Rocky Dhir: So, I guess the first thing goes through my head, I’ll be honest with you is, it’s not so much the ethical issues and what the ethical violations were, it’s more — this is something I wouldn’t write even if there was no ethical rule.
John Browning: It’s poor judgment.
Rocky Dhir: Absolutely.
John Browning: Yeah.
Rocky Dhir: It’s like somehow in their heads they thought it’s okay to take their German base and equate that to Nazism. I mean, have you gotten any insight into what’s going through people’s minds when they’re posting these social media —
John Browning: Well, the law firm of one of the attorneys involved was actually actively using that hashtag and those Instagram posts in promoting their firm. They were using it as part of their firm’s promotional strategy, which the judge called a terrible reflection on our profession.
Rocky Dhir: Another statement.
John Browning: Yeah, and lawyers struggle just to keep with the whole Instagram as an example. Lawyers struggle with other aspects, other ethical duties such as candor — the duty of candor to the tribunal.
One lawyer in New York was involved with a case and this was a labor and employment case, had missed a deadline on filing a particular pleading and later sought an extension and his grounds for seeking the extension had said, hey, I’ve been out of the country caring for a sick mother.
Well, unfortunately, for this lawyer —
Rocky Dhir: I think we see where this is going.
John Browning: Yep.
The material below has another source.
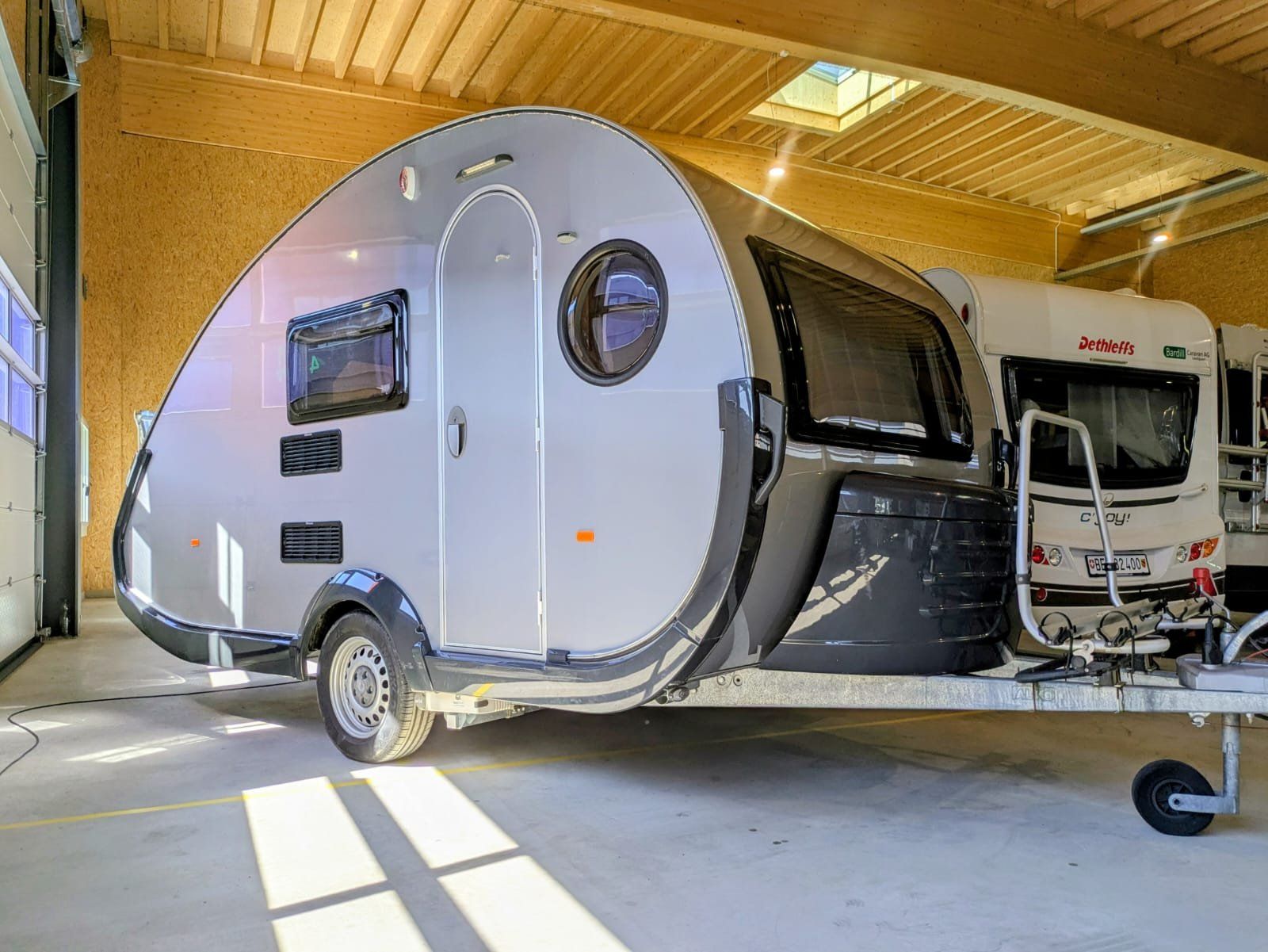 Tabbert Veicoli da campeggio: Wohnwagen T@B 400 Basic ab MFK - Mover - Sonnensegel – Usato da Busswil BE venduto da lama-camping 1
Opposing counsel both owned a calendar and was social media-savvy and he looked at the Instagram post of that lawyer and at the same time that she supposedly was away caring for the sick mother, her Instagram account showed her having fun visiting art galleries, going to bars and Miami, having Thanksgiving dinner in another city, anywhere but where she claimed that she was supposed to be.
The lawyers, the defense attorneys confronted the court with this revelation. Judge was not amused sanctioned that attorney, not only denied the request for the extension, but sanctioned that attorney $10,000.
So, a pretty expensive lesson to learn about using Instagram and duty of candor to the court.
Rocky Dhir: You think lawyers would know better though, right? I mean, you think they would figure that you’ve got an opposing counsel who chances are will notice this?
John Browning: You would think, but I think that for a lot of lawyers there seems to be this sense of — misplaced sense of security and anonymity in using the Internet and it really should be anything but — it’s a little like a two-year-old throwing a blanket over his head and saying, I’m invisible. Well, you can’t see us, but we can see you.
Rocky Dhir: I still do that, John; I mean, there’s no need to cast aspersions, I mean, I’m the host of the show and here we are, you’re telling me that doesn’t work; I mean, come on.
John Browning: Yeah.
Rocky Dhir: A little sensitivity.
John Browning: And there’s no Santa Claus.
Rocky Dhir: For all you kids listening, don’t listen to this man. He is the Pennoyer in the Foyer.
John Browning: I am, I am.
Rocky Dhir: So, let’s talk for a second then about this dichotomy, because on the one hand we hear that social media can be a great tool, lawyers need to embrace it when they are branding themselves and telling their stories, but then on the other hand we see lawyers telling their stories and then getting slapped on the wrist or thumped on the head. How do you sort of traverse those two worlds?
John Browning: Yeah, it is kind of a dichotomy there and lawyers tell me, particularly after seeing a CLE that I’ve given or after reading an article I’ve written, so you know what, I’m just going to stay away from social media, but there’s a problem with that because we have a duty, and in fact, the State of Texas recently, the Board approved a resolution that was promulgated by among other groups, the computer and technology section of the State Bar, about adopting what 31 other states already had and that is a revised version of the one of the rules of professional conduct involving a duty of competency that includes a duty to be conversant in both the benefits and risks of technology.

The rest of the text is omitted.